A Roma questo tormentone non si riferisce ai petali di un fiore, ma allo stato comatoso dell’azienda municipale, che si occupa – o dovrebbe – di rifiuti. Se il cda è in crisi, noi cittadini lo annusiamo subito. Non è una metafora, ma la puzza dei cassonetti pieni, che rimangono a fermentare per giorni, mentre azienda e unico azionista – il Comune – si rinfacciano soldi pretesi e contesi. Una situazione inaccettabile.
Purtroppo, questo disservizio non è l’unico. Roma soffre di “mal-di-partecipate” – bocciate a pieni voti (tranne per l’acqua) nella recente valutazione della qualità dei servizi, compreso il trasporto pubblico della malmessa Atac. Questo perché è mancata una gestione corretta, a causa di un controllo politico inefficace, visto che i partiti hanno scambiato assunzioni con consenso, mentre i sindacati interni si sono accaparrati tessere in cambio di indifferenza verso un assenteismo anomalo.

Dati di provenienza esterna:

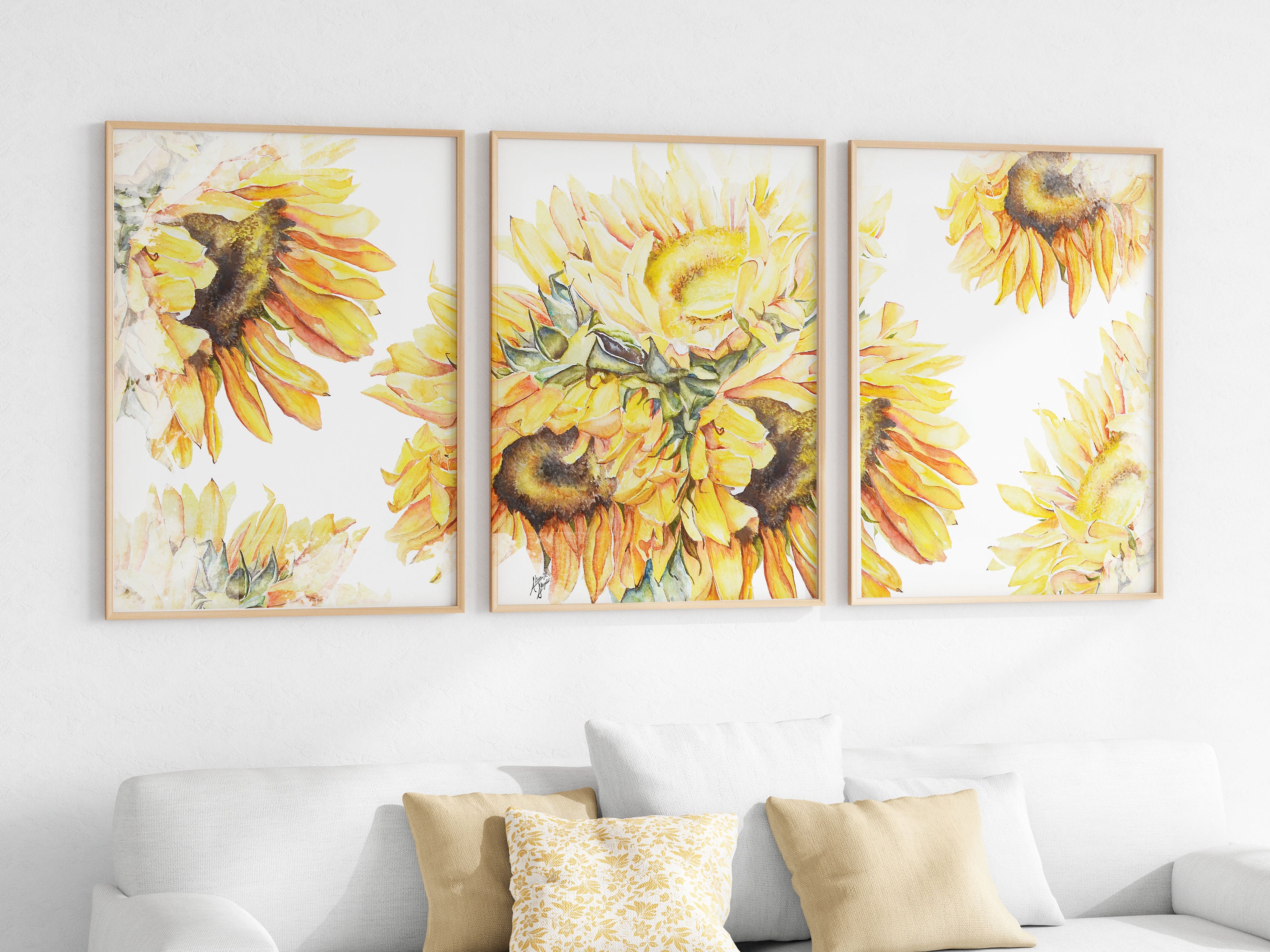 Sunflower Watercolor Wall Art Set of 3 Digital Printable - Etsy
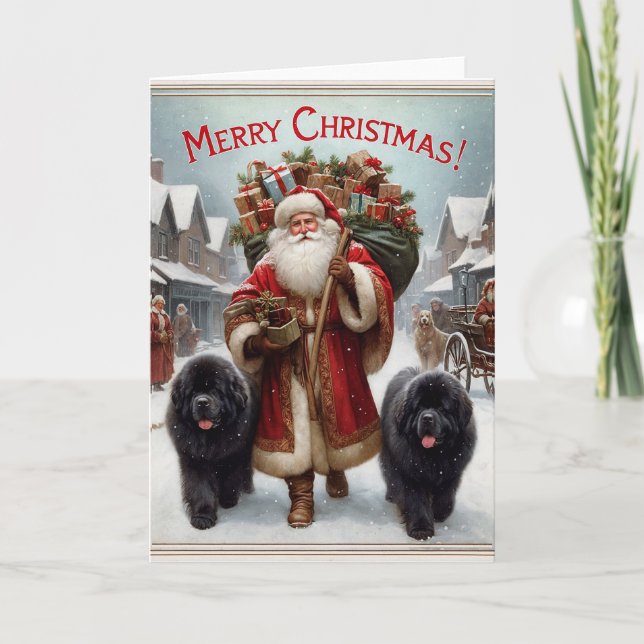 Newfs with Antique St Nick Christmas Card (Front)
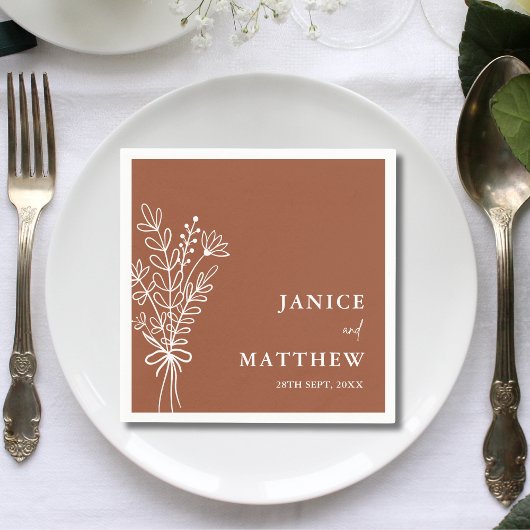 Serviette En Papier Boho Terracotta brûlé Orange Rustique Mariage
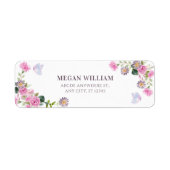 ピンク紫のフローラ水色の蝶 ラベル (正面)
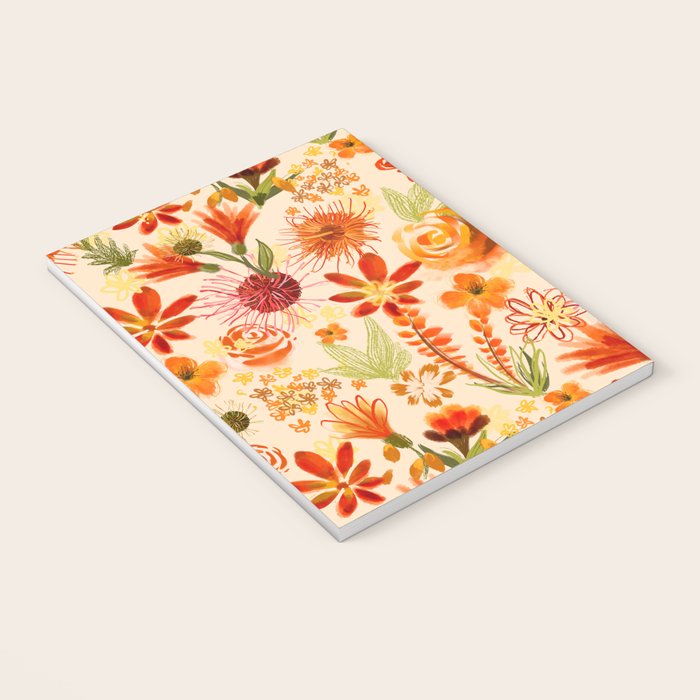 Watercolor flowers, orange, red, boho, pretty, bright colours Notebook Gallery Image 3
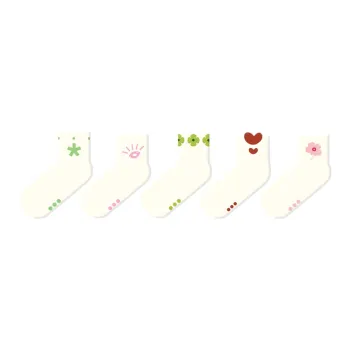 Duanmei Mid-Calf Socks Women's 5 Pack White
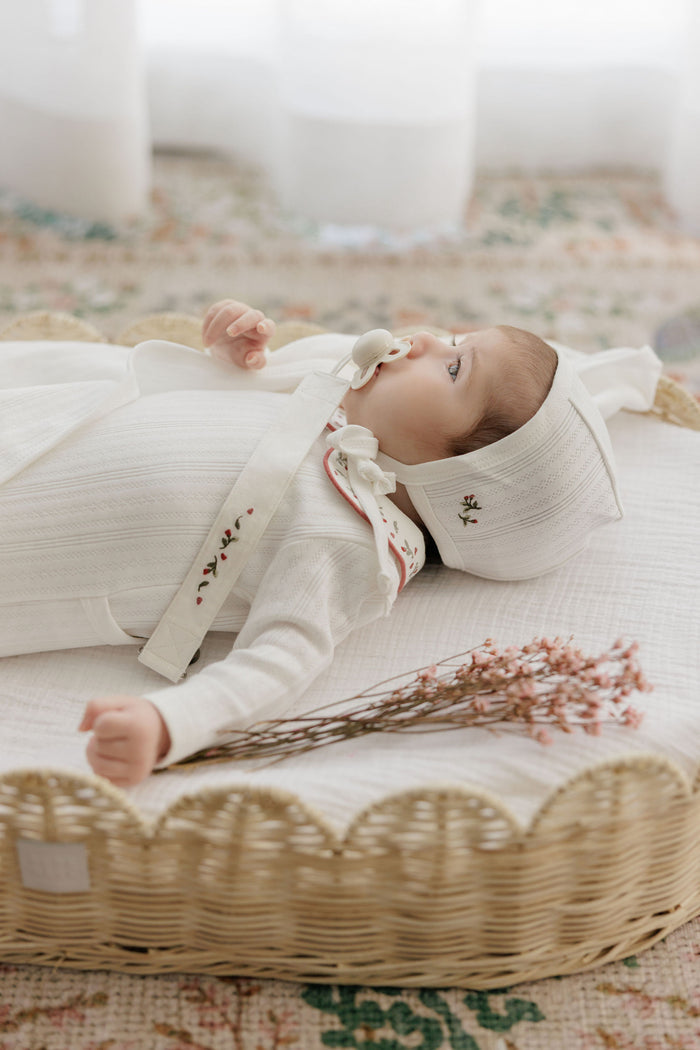 Baby Girl Layette Set – Ivory Pink – Embroidered Collar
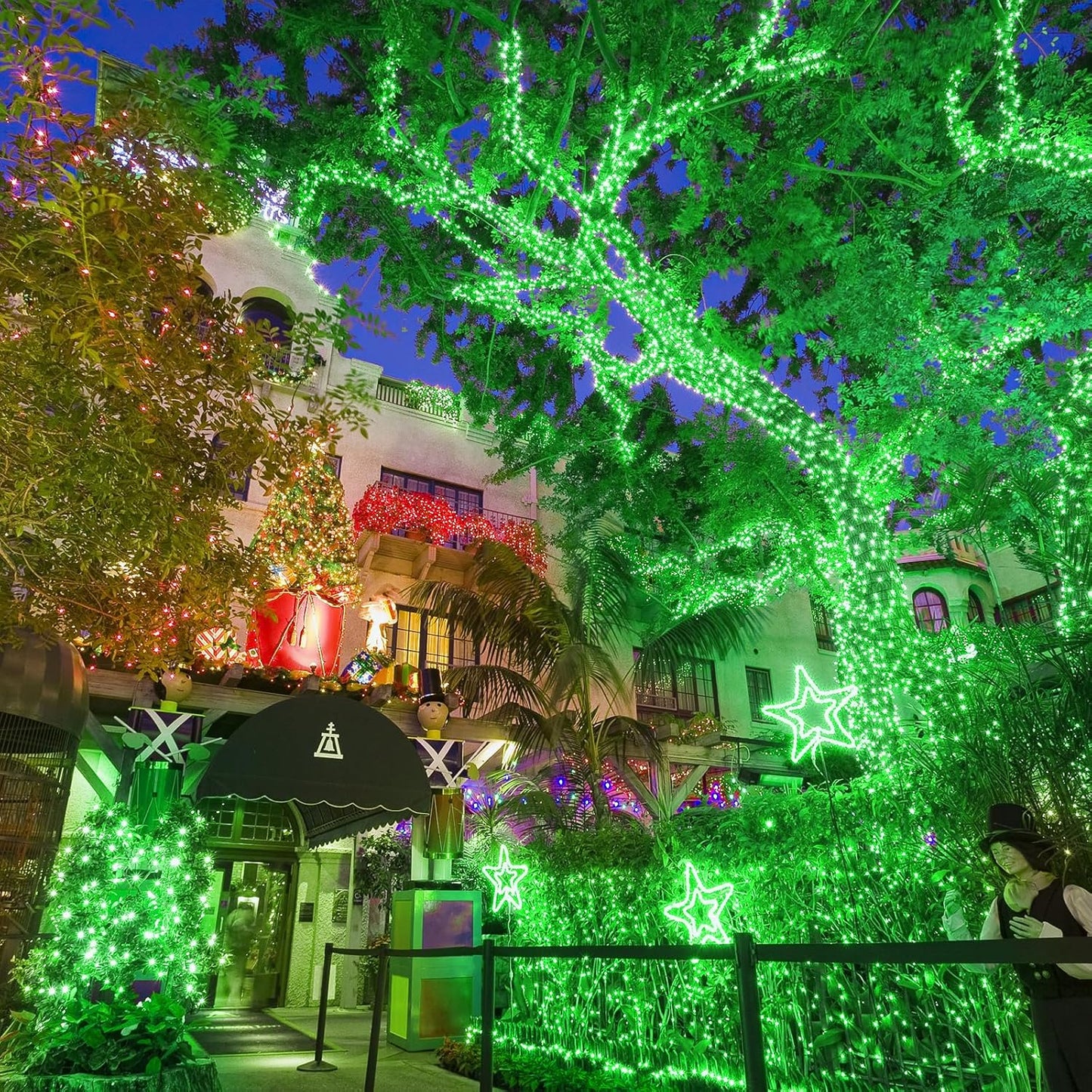 250 LED Green String Lights, 82ft Green Halloween Lights Outdoor Clear Wire 8 Modes Plug in Waterproof Christmas Twinkle String Light for Indoor Room Tree Christmas Party Halloween Decorations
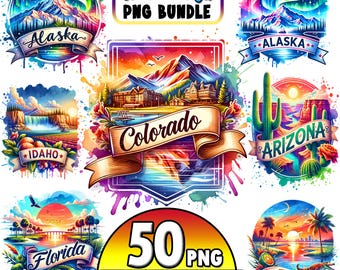 Può includere: Un set di 50 illustrazioni colorate in stile acquerello che rappresentano diversi stati degli Stati Uniti. Ogni illustrazione presenta un design unico con il nome dello stato e un simbolo che rappresenta lo stato. Le illustrazioni sono perfette per l'uso in progetti a tema viaggio, grafica per i social media e altro ancora.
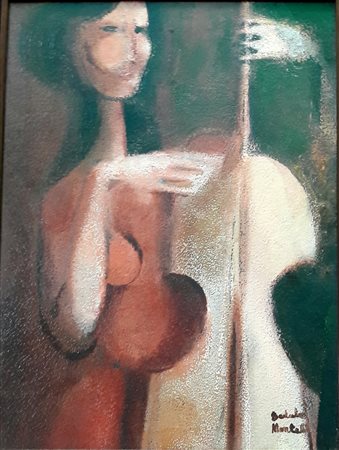 Dedalo Montali "Nudo con violoncello" - Olio su tavola - cm 75x55 - Firma...
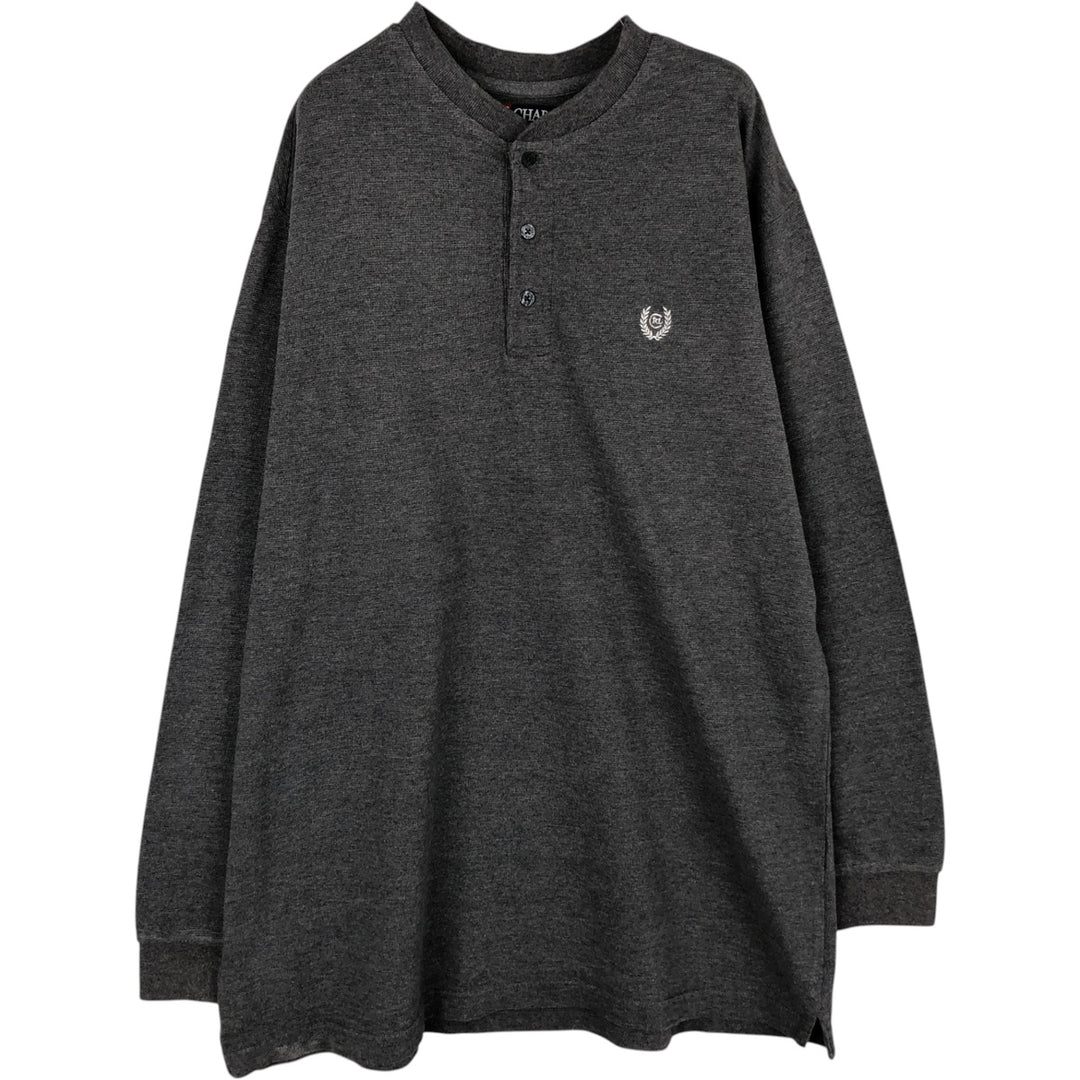 Ralph Lauren CHAPS Henley neck thermal long T-shirt, men's size L cotton gray type Vintage Second Hand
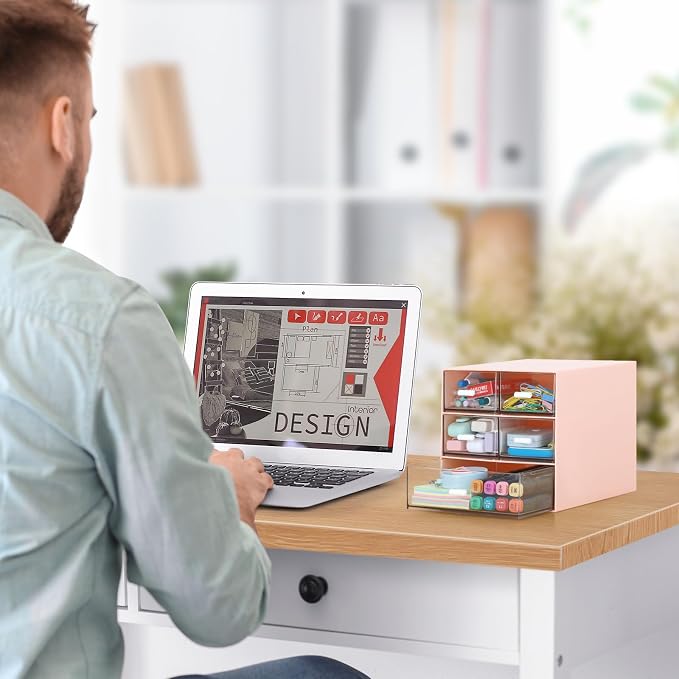Desk Organizer with 5 Drawers, Rectangular Office Stationery Supplies Desktop - Image 2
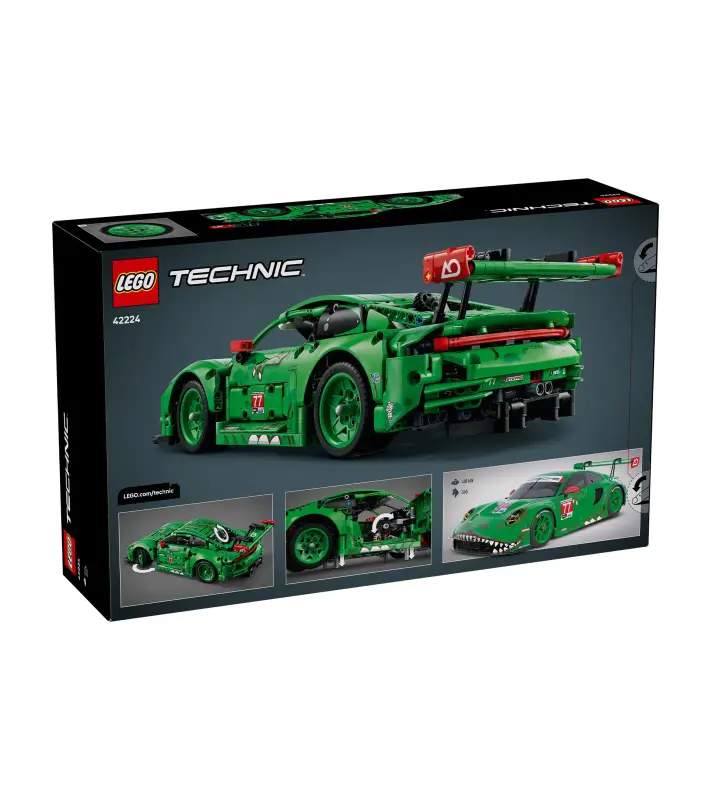 PORSCHE LEGO® Technic Porsche 911 GT3 R REXY AO Racing Race Car Skládací model sportovního vozu 1313 dílků zelená s dino motivy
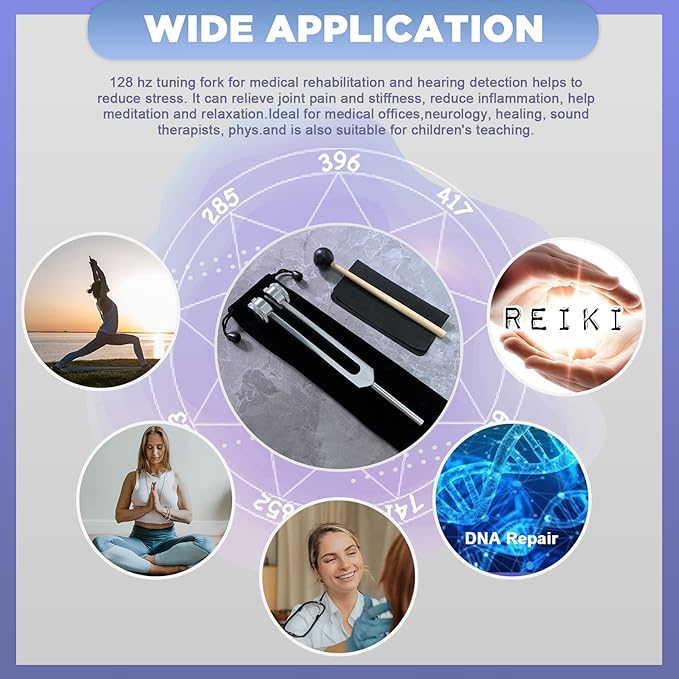 128 Hz Tuning Fork Weights Aluminum Clinical Grade Nerve/Sensory with Black Silicone Hammer, Cleaning Cloth and Felt Case, Non-Magnetic Aluminum Alloy - Bloomnest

Privatizzazione? Ancora no, si deve tentare il risanamento. Ma se la politica continua a badare più al consenso che all’efficienza delle controllate e i sindacati continuano a tollerare i ladri di tutele, allora sì: meglio il profitto privato che fa pagar caro il servizio, che la gestione pubblica che offre a costi più contenuti il totale disservizio.